For example, taking bitwise operation of lower-nibble of each fragment element or taking square root of each element & assigning to another fragment’s same indexed element.
I only found examples like this:
nvcuda::wmma::load_matrix_sync(c_frag, c + indexWarp * 16 * 16, ldc, nvcuda::wmma::mem_col_major);
// all warp threads need to execute this
for (int i = 0; i < c_frag.num_elements; i++)
c_frag.x[i] += acc_frag.x[i];
nvcuda::wmma::store_matrix_sync(c + indexWarp * 16 * 16, c_frag, ldc, nvcuda::wmma::mem_col_major);
What if the addition operation was square root instead? Does tensor core include a dedicated square-root unit inside?
for (int i = 0; i < c_frag.num_elements; i++)

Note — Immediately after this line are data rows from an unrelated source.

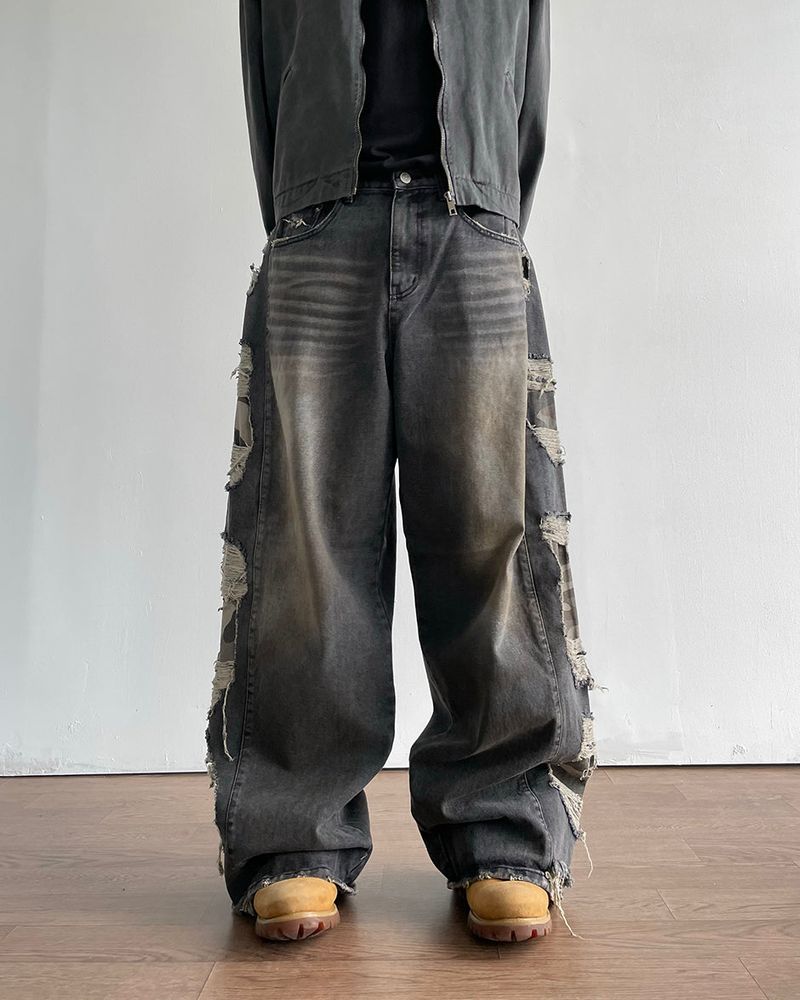 Destroyed Camouflage Denim Pants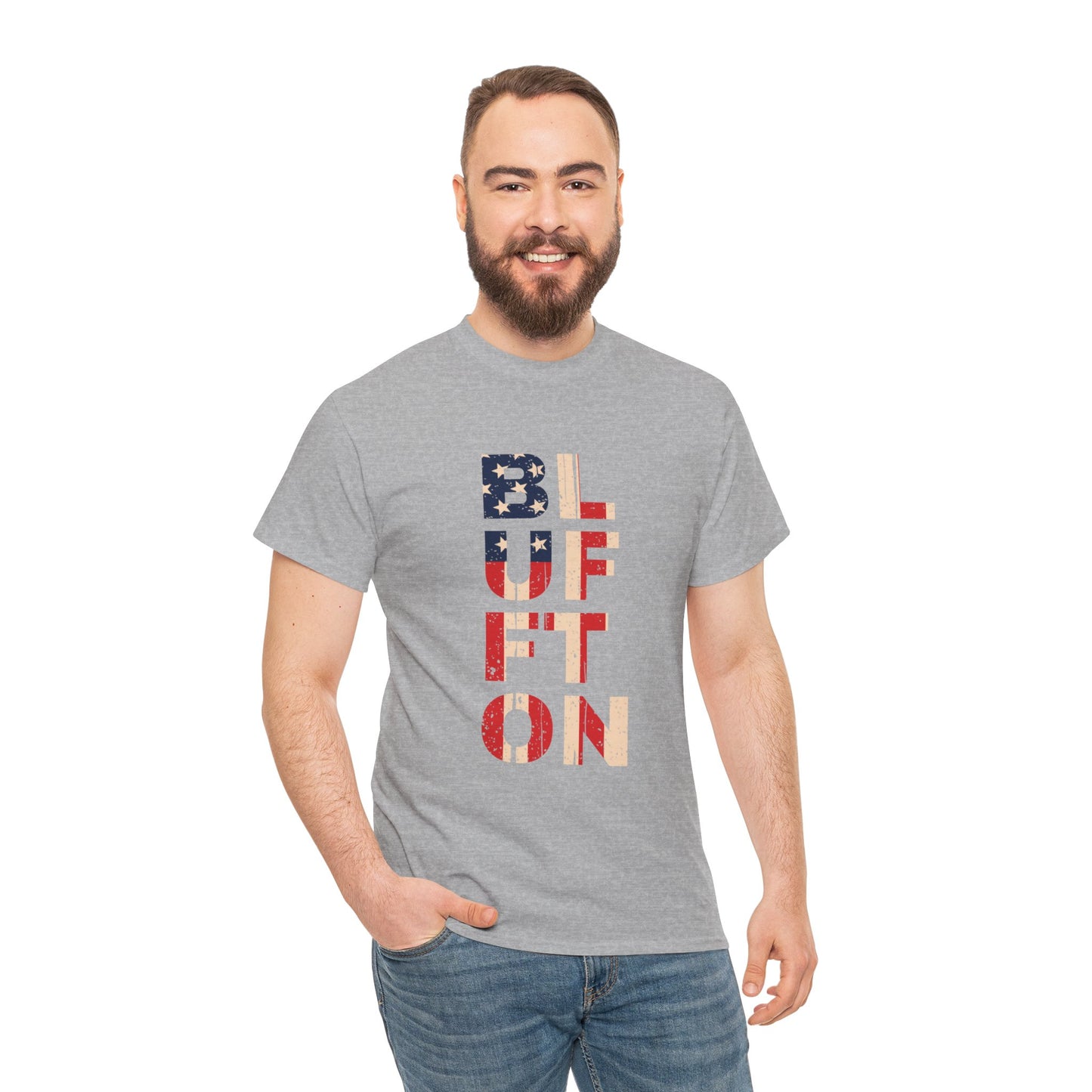 Bluffton South Carolina, Patriotic Unisex Heavy Cotton Tee, Casual Wear, Gift for Independence Day, Everyday Fashion, USA Pride Shirt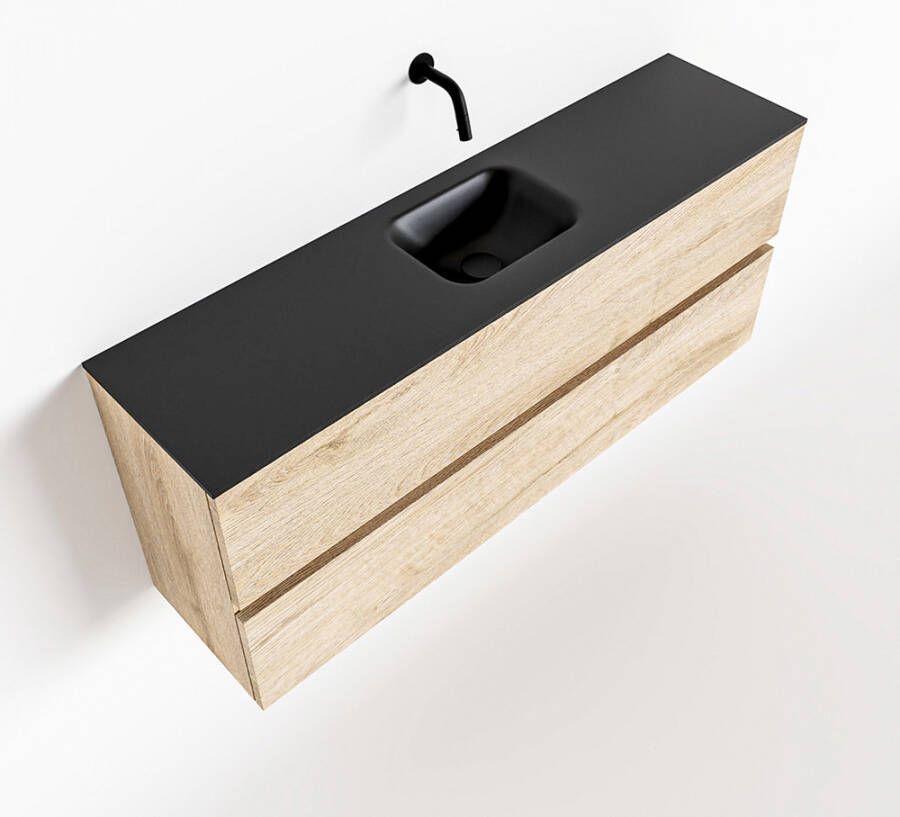 Mondiaz ADA Toiletmeubel 120x30x50cm met 0 kraangaten 2 lades washed oak mat Wastafel Lex midden Solid Surface Zwart FK75342342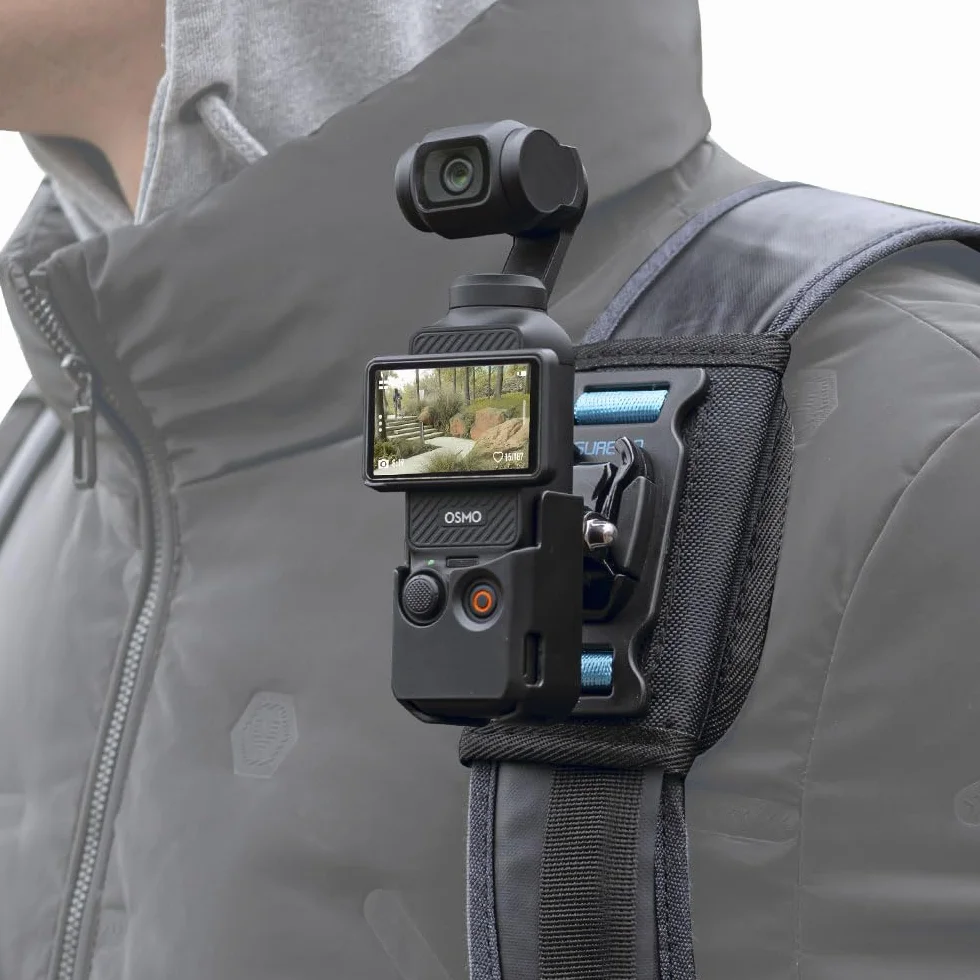 Osmo Pocket 3 Montura para Mochila, Correa para la Cintura, Correa para el Hombro, Montura con Borde Extendido, Compatible con DJI Osmo Pocket 3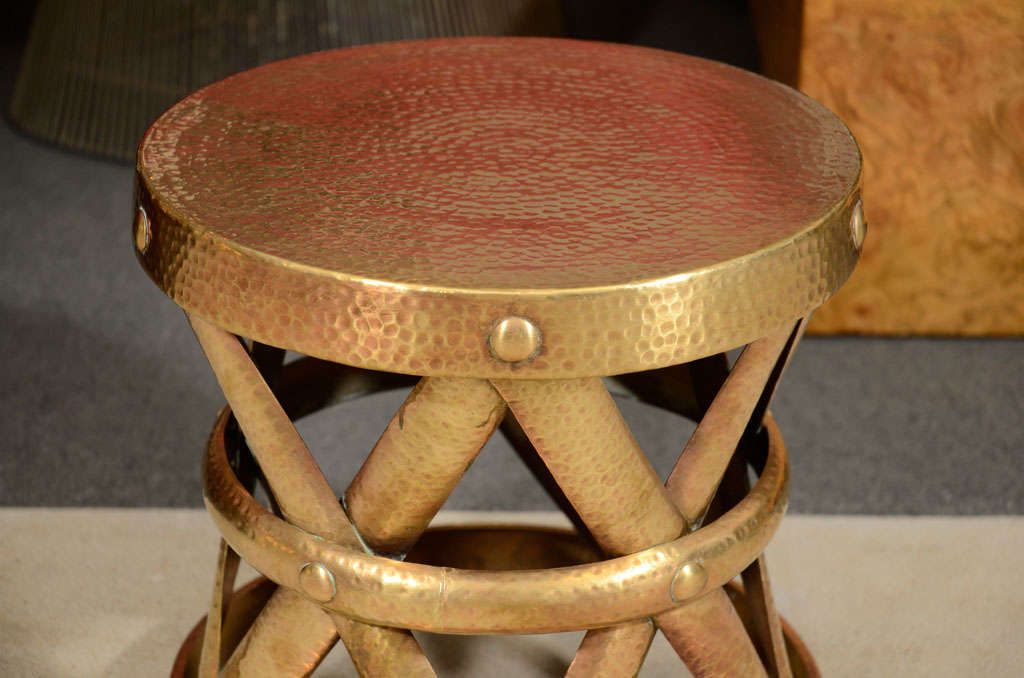 Espresso Antique Brass Stools In Favorite Vintage Hammered Brass Stool At 1stdibs (View 1 of 10)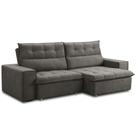 Sofá Retrátil Reclinável Para Sala 3 Lugares 240cm Neruda F04 Veludo Marrom Escuro - Lyam Decor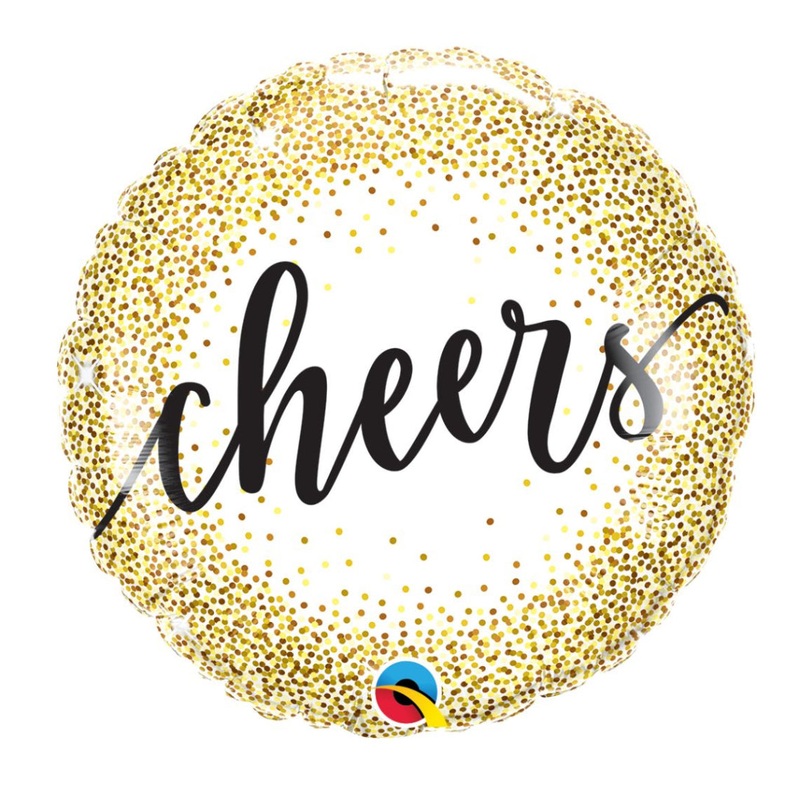 18" Cheers Gold Glitter Dots Balloon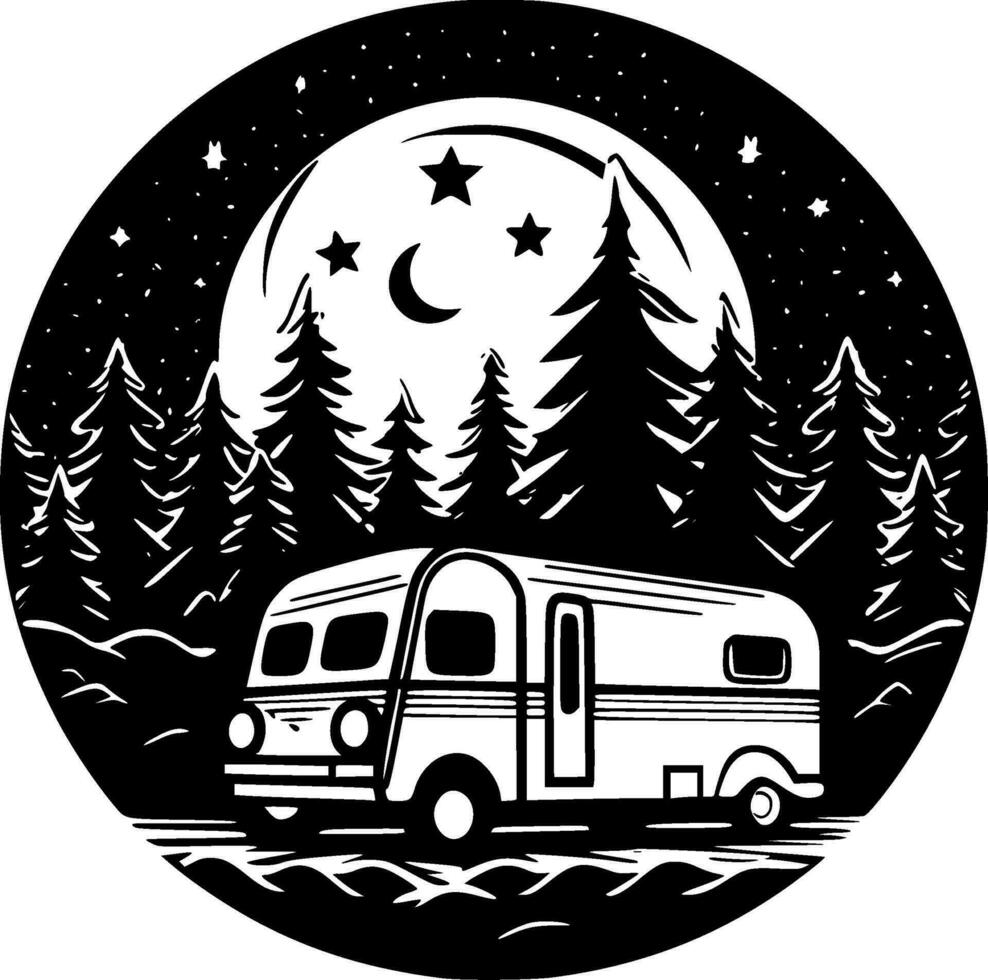 Camping, Minimalist and Simple Silhouette - Vector illustration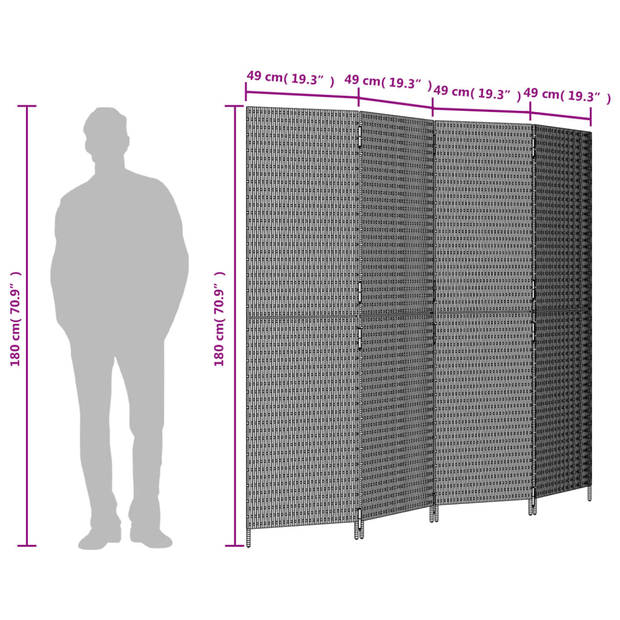 vidaXL Kamerscherm 4 panelen poly rattan zwart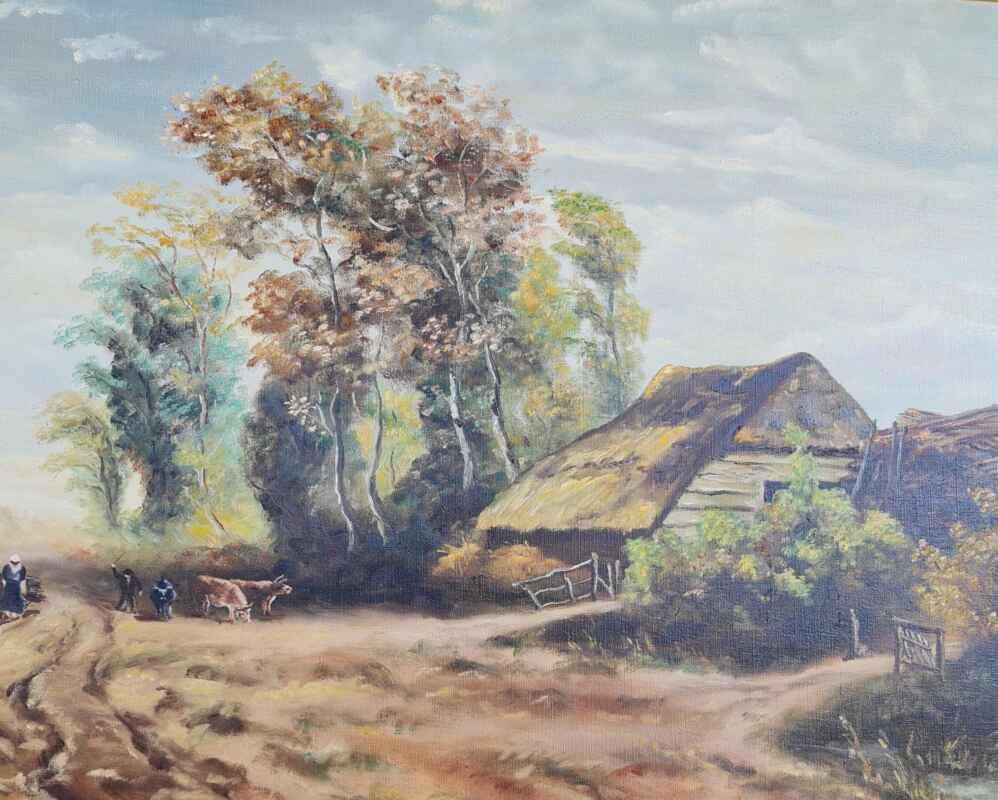 Картина с маслени бои на платно от известен нидерландски художник C. Bertens, ( farm with animals ) 20th century внос от Нидерландия. 2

c_frag.x[i] = sqrt(acc_frag.x[i]);
Second question: if I “load” values into a fragment and if warp ends, can another warp load the same values without any load/store but directly using a defined fragment? Does CUDA allow usage of garbage values left from another block/grid/warp inside the same tensor core hardware(assuming same core was found by two different warps in different blocks). Only wondering if this can be used as a fast broadcasting mechanism from first block to all other blocks.
Lastly, is there any method to represent a scalar value as a 16x16 matrix and to define its square-root by some series of matrix-matrix multiplications (but fast inside tensor core) as a linear-algebraic way of optimizing it for hardwares that have no sqrt unit (from first question)?